START SUPPLIED MATERIAL
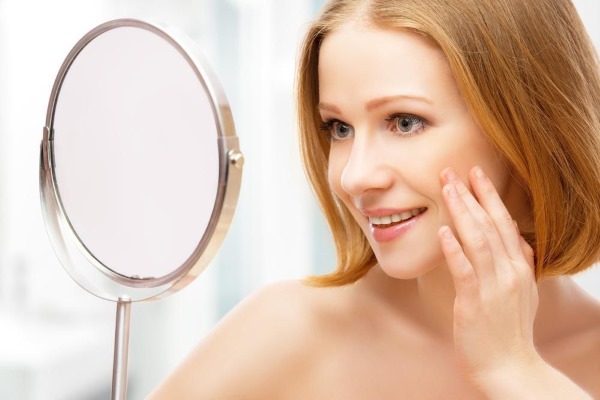 Veido, mišrios, riebios, problemiškos, sausos ir jautrios odos aplink akis odos priežiūros produktų įvertinimas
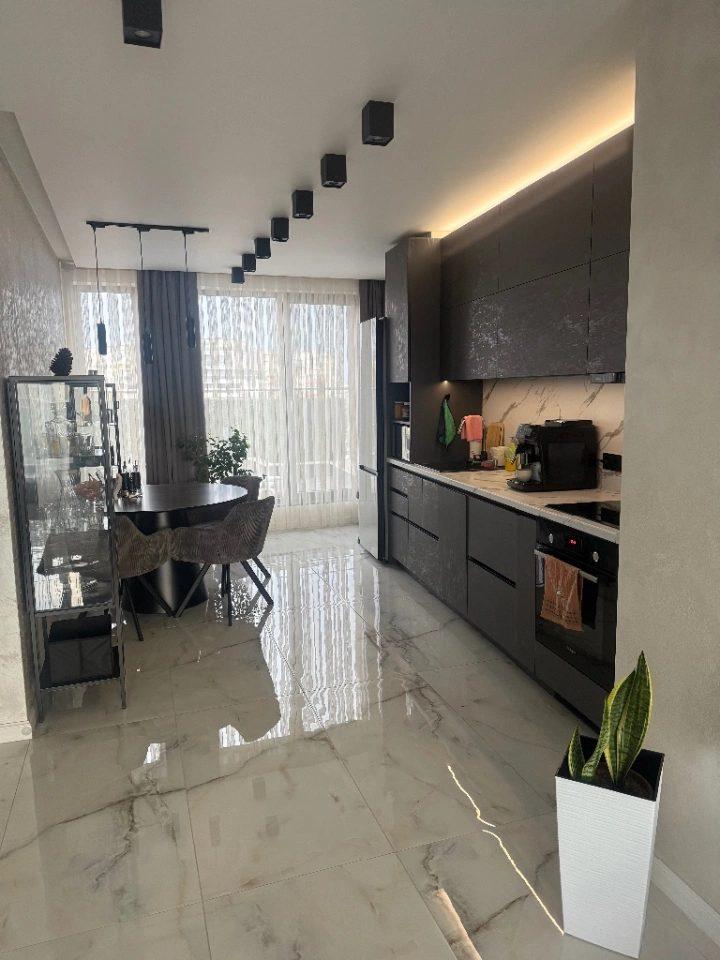 Luxury Apartment 180sqm 4-Room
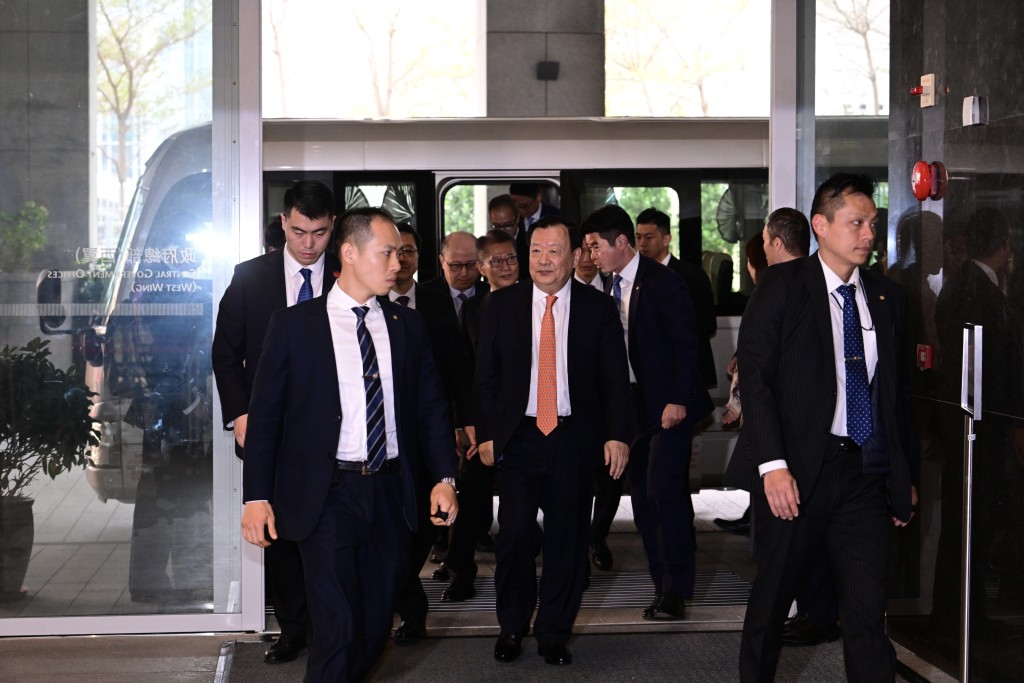早上約10時半，夏寶龍到政府總部與金融界代表會面。（陳極彰攝）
END SUPPLIED MATERIAL
**ASSIGNMENT**
Across the whole listing, reproduce each line verbatim and exclude every picture.

**YOUR RESPONSE**
 Veido, mišrios, riebios, problemiškos, sausos ir jautrios odos aplink akis odos priežiūros produktų įvertinimas
 Luxury Apartment 180sqm 4-Room
早上約10時半，夏寶龍到政府總部與金融界代表會面。（陳極彰攝）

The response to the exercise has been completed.